Problem to work on:
Leaving the pictures aside, transcribe only and exactly the lines from the one with "this 700×393 image." through the end of the entries, both included.

━━ Data

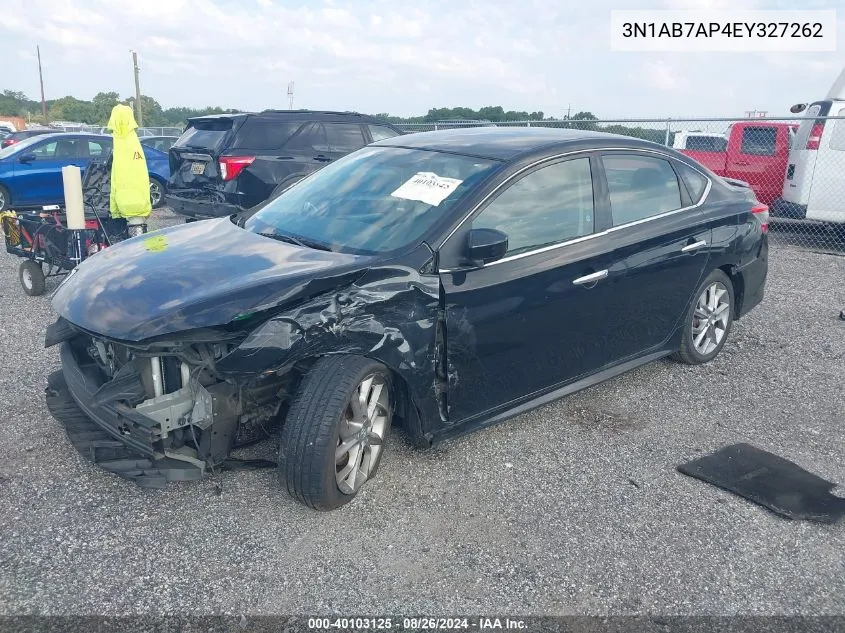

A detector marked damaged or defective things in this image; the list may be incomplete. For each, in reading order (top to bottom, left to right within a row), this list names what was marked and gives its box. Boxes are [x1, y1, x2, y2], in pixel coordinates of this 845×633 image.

crumpled hood [106, 103, 138, 138]
crumpled hood [49, 218, 372, 346]
damaged black car [42, 127, 768, 508]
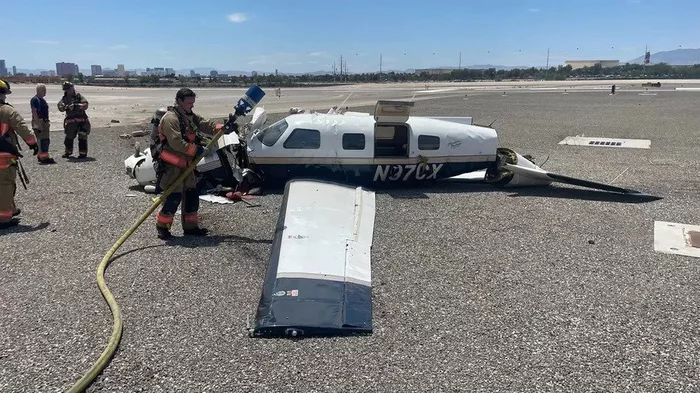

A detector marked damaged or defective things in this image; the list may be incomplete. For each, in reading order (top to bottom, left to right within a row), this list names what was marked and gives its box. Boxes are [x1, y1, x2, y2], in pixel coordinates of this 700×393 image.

crashed small aircraft [124, 99, 656, 198]
crashed small aircraft [124, 97, 660, 336]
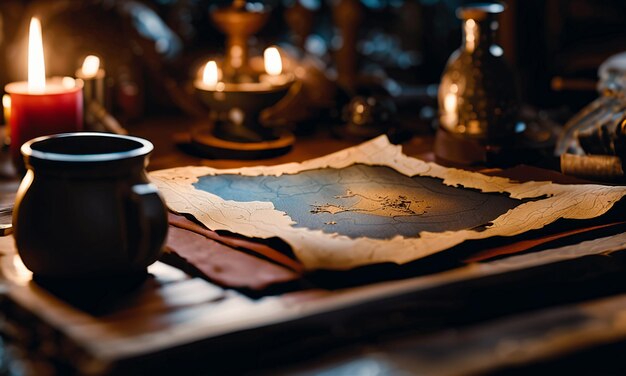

━━━━

Answer space:
A detector marked damaged or defective things in this image; the list may be incomplete. For each, in reading order (top to bottom, left to right within a row), this list names what was marked and gives its box. Boxes are [x1, y1, x2, y2], in pixel coordinates of this 700×393 image.

crashed small aircraft [124, 99, 656, 198]
crashed small aircraft [124, 97, 660, 336]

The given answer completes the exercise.